The Oakland/Los Angeles (now Las Vegas) Raiders and Kansas City Chiefs have starred in one of the football’s most bitter rivalries since the 1960s—ignited by late Chiefs owner Lamar Hunt brokering the AFL-NFL merger behind the back of late Raiders owner Al Davis. On the field, the teams have competed in the same division for 60 years.
The bad blood may not be as palpable today, but the feud has produced a long history of heated and hard-hitting moments since their inaugural matchup in 1960—a 20-19 Raiders win.
“When you’re out there, you understand the rivalry,” Chiefs coach Andy Reid said. “It has been a long-standing rivalry, probably as close are you’re going to have to a college atmosphere that way, as far as rivalries go.”
Let’s revisit some of the rivalry’s best moments.
5. 1969: AFL Championship Game
Fresh off the controversial merger, the rival franchises faced off in the AFL title game for the 1968 season. Both teams were loaded with star power, yet only one side came to play. The Raiders blew out Kansas City, 41-6, sending them to their first Super Bowl appearance.
This may not have been amongst the competitive games of the rivalry, but it certainly added fuel to the fire for the Chiefs and evened out the hatred after Hunt’s shunning of Davis in negotiations.
4. 1970: The Brawl
Two years later, the hatred was still raw and manifested on the field. With Kansas City up 17-14 late in the fourth quarter, Chiefs quarterback Len Dawson ran for a first down with 1:08 on the clock, only for Raiders defensive end Ben Davidson to spear him with the back of his helmet after the play while he was still down.
As you might expect, this sparked a melee that led to Davidson’s ejection—as well as off-setting penalties that forced a Chiefs punt. The Raiders responded with a George Bland game-tying field goal—and the tie gave Oakland the AFC West crown. Yes, the rules have since changed to count the first-down before off-setting penalties.
3. Oct. 5, 1986: Two Brawls
The L.A. Raiders traveled to Kansas City, and things quickly got ugly. The Raiders came into the game without Marcus Allen and took another blow when safety Van McElroy was ejected in the first half. In fact, the team’s engaged in not one, but two brawls that resulted in multiple ejections and suspensions.
Chiefs quarterback Marc Wilson led his team to 17 point-lead, only to get injured on the opening drive of the second half. By then, L.A. had closed the gap to 17-14. In the second half, 38-year old Jim Plunkett conjured up two scoring drives to lead L.A. to an unlikely 24-17 road victory.
2. 1990s: Marcus Allen and “Raiders Week”

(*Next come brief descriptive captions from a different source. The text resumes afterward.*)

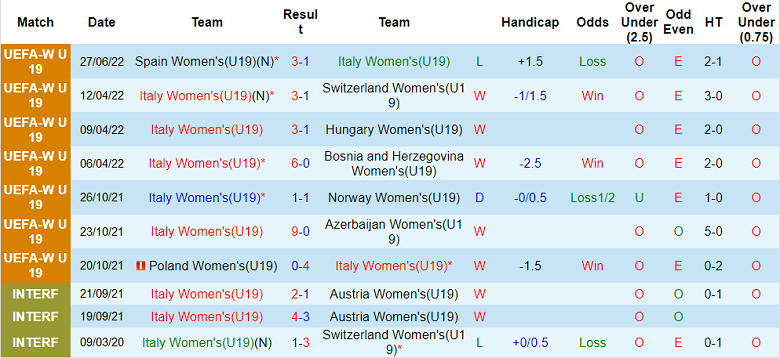 Nhận định, soi kèo U19 nữ Italia vs U19 nữ Pháp, 20h ngày 30/6 - Ảnh 1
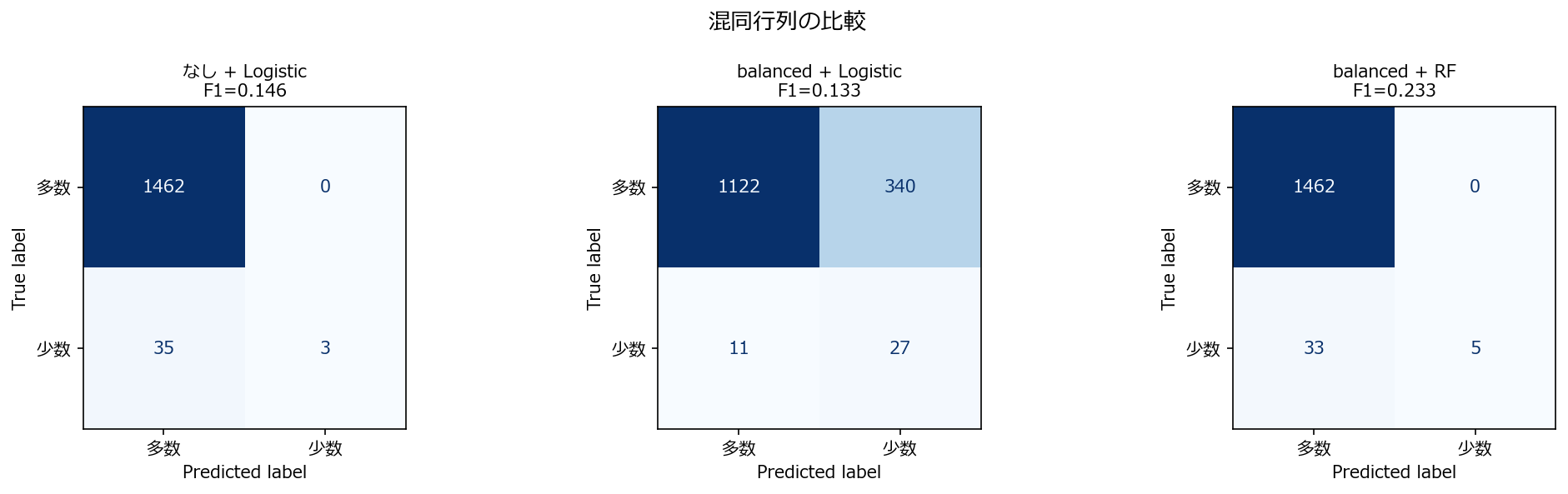 混同行列の比較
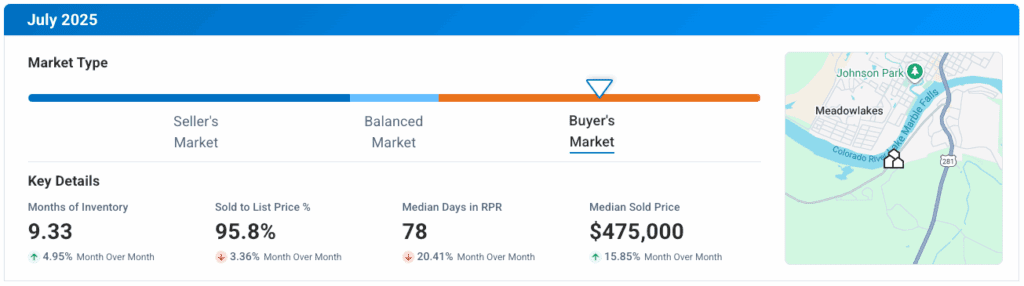 Marble Falls TX July 2025 Market Update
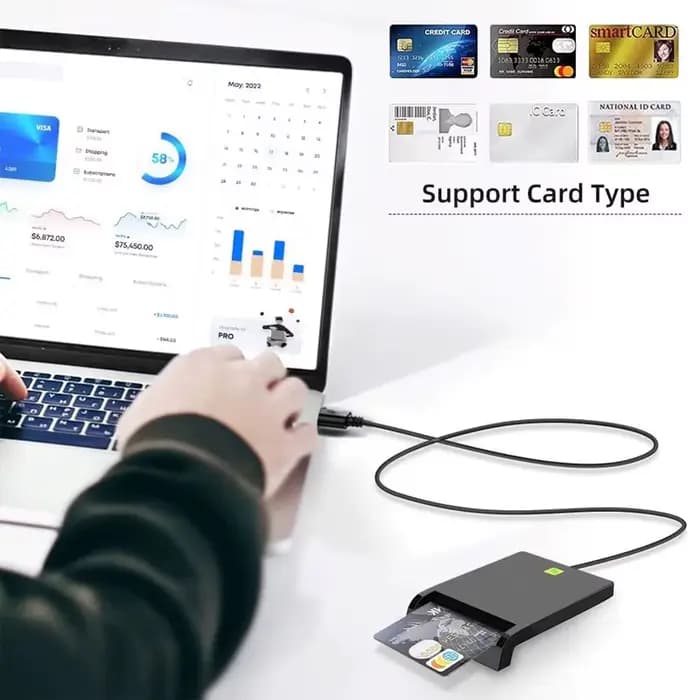 Lecteur de carte Intelligent USB 2.0 Portable multifonction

Throughout the ‘90s, the Chiefs dominated the Raiders. Chiefs coach Marty Schottenheimer viewed Oakland as disrespectful and arrogant, and posted “Raiders Week” signs around the team facilities in the days ahead of each matchup with Oakland. The tactic worked: Kansas City won 18 or 21 games over Oakland under Schottenheimer, including a playoff victory in 1991.
In 1991, Oakland’s All-Pro running back Marcus Allen—who had rushed for 40 touchdowns and won Super Bowl XVIII in his first four seasons—feuded with Davis, leading to the star’s release. Not coincidentally, Allen signed with the team’s bitter rival to play alongside Joe Montana and face the Raiders twice a year. Allen would go 9-1 vs. Oakland whilst in Kansas City.
1. Week 17 in the 1999 Season
When it’s a rivalry, there’s always something to play for. In the final game of the 1999 season, the Raiders ventured into Arrowhead Stadium nursing various injuries and fresh off elimination from the playoff contention one week earlier. Kansas City needed a win to secure the AFC West.
The Chiefs jumped out to a 17-0 lead, but Rich Gannon’s stellar play and a blocked-punt touchdown brought Oakland back to a 28-24 halftime lead. The see-saw second half led to overtime, where Gannon set up a 33-yard field goal to give the Raiders the 41-38 win and keep the Chiefs out of the postseason.